## Given entries
************

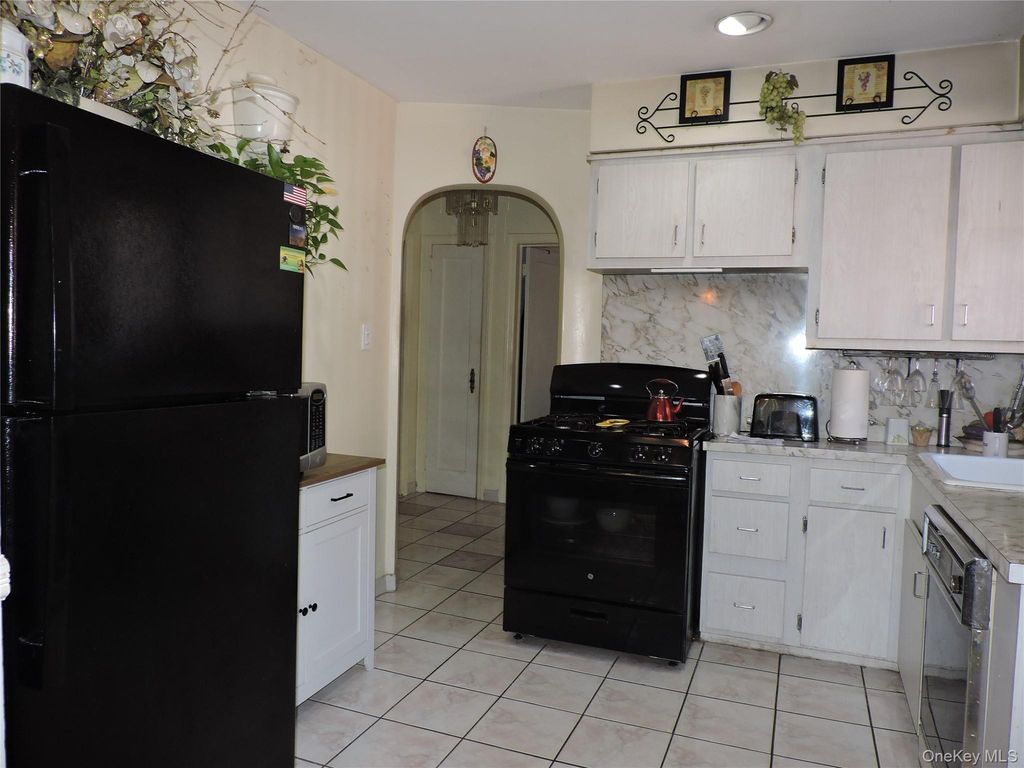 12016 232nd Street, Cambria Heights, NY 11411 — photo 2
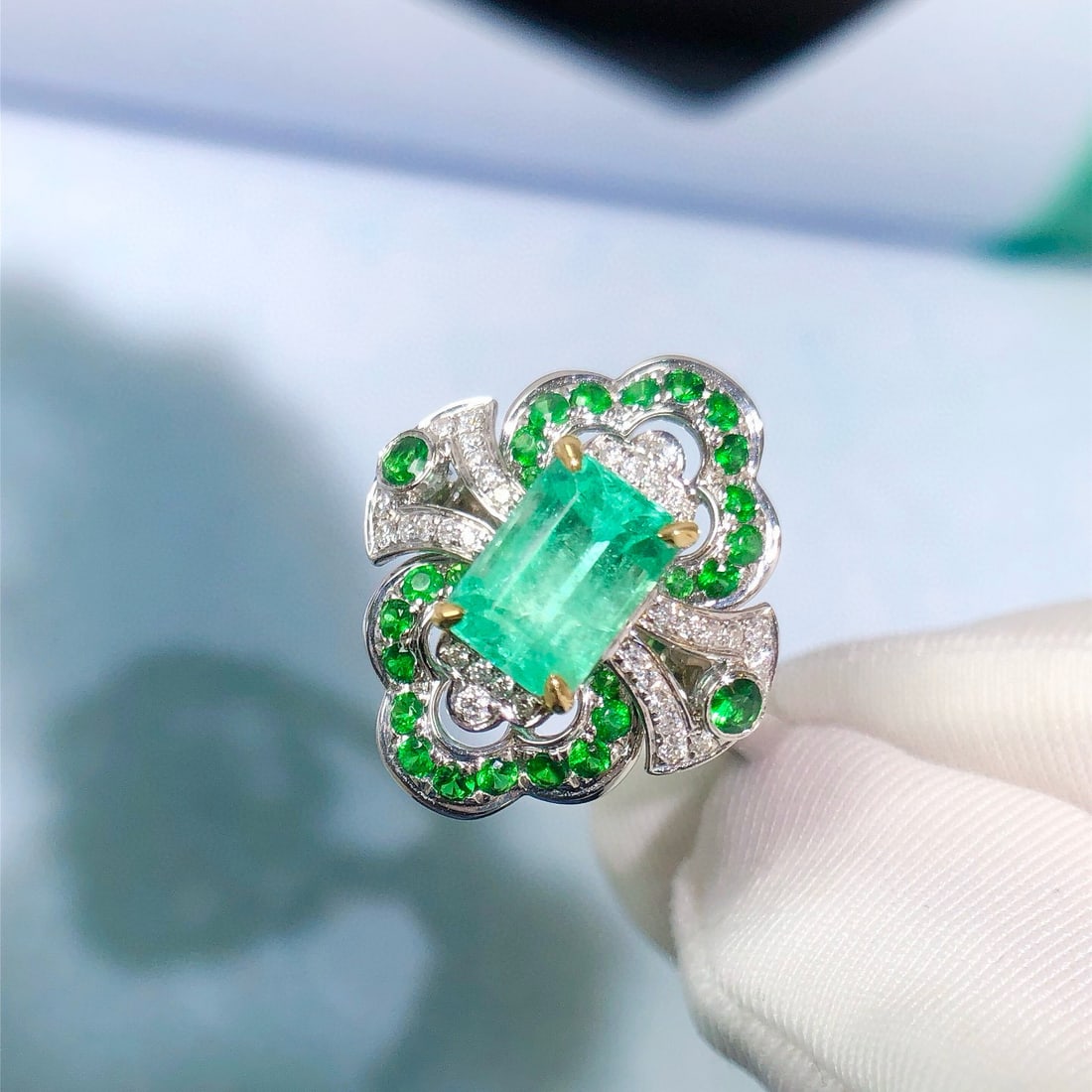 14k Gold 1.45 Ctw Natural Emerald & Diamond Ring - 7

************

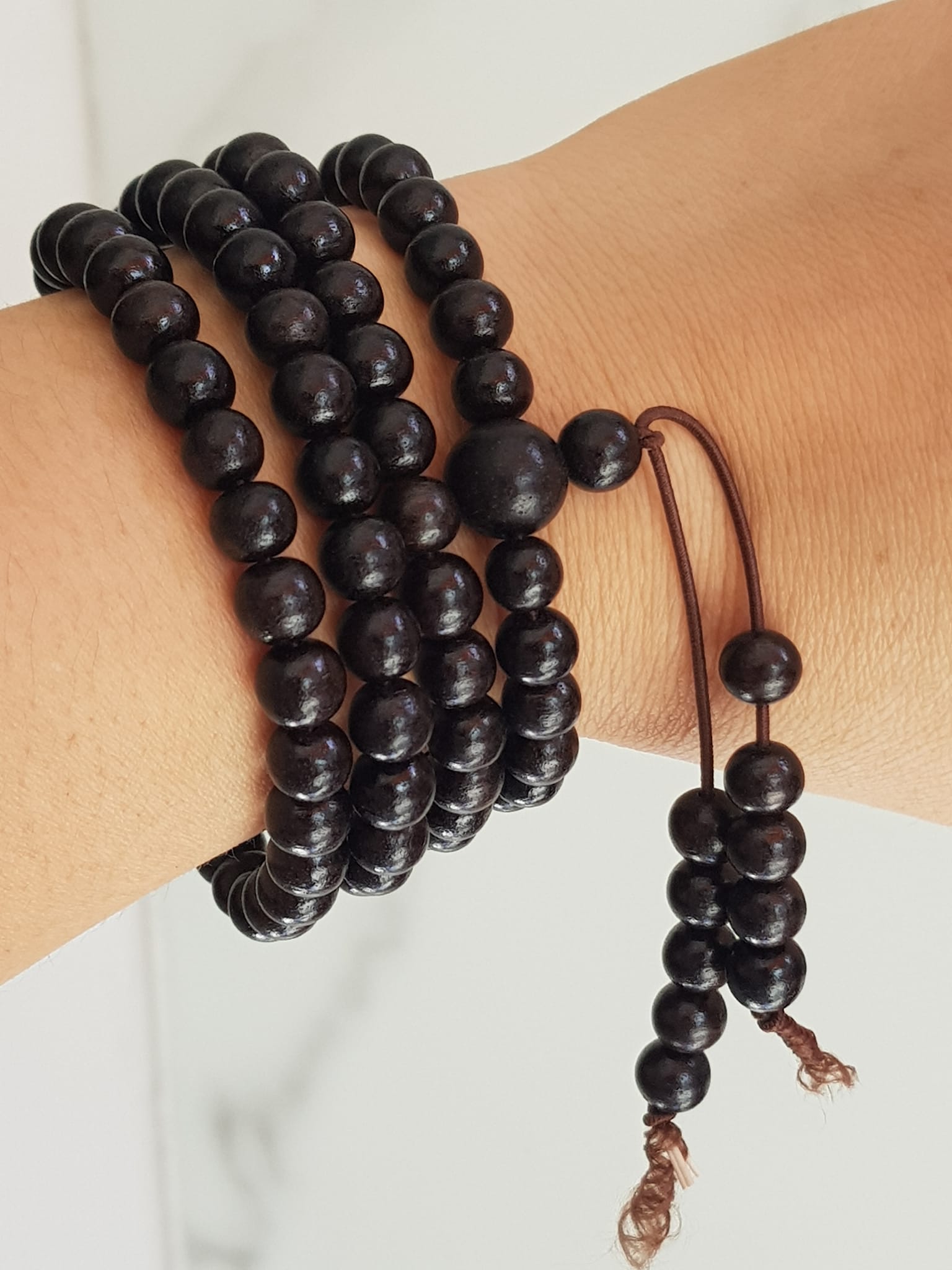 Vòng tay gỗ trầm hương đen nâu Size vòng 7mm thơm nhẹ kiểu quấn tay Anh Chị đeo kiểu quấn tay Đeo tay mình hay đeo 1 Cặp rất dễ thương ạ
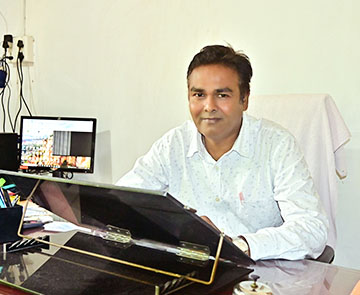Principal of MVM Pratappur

************

## What you have to do
For this exercise, set down the lines in the entries above from the one with "Vòng tay gỗ" through the one with "Principal of MVM Pratappur" exactly as written, without any pictures.

## Response to this task
 Vòng tay gỗ trầm hương đen nâu Size vòng 7mm thơm nhẹ kiểu quấn tay Anh Chị đeo kiểu quấn tay Đeo tay mình hay đeo 1 Cặp rất dễ thương ạ
Principal of MVM Pratappur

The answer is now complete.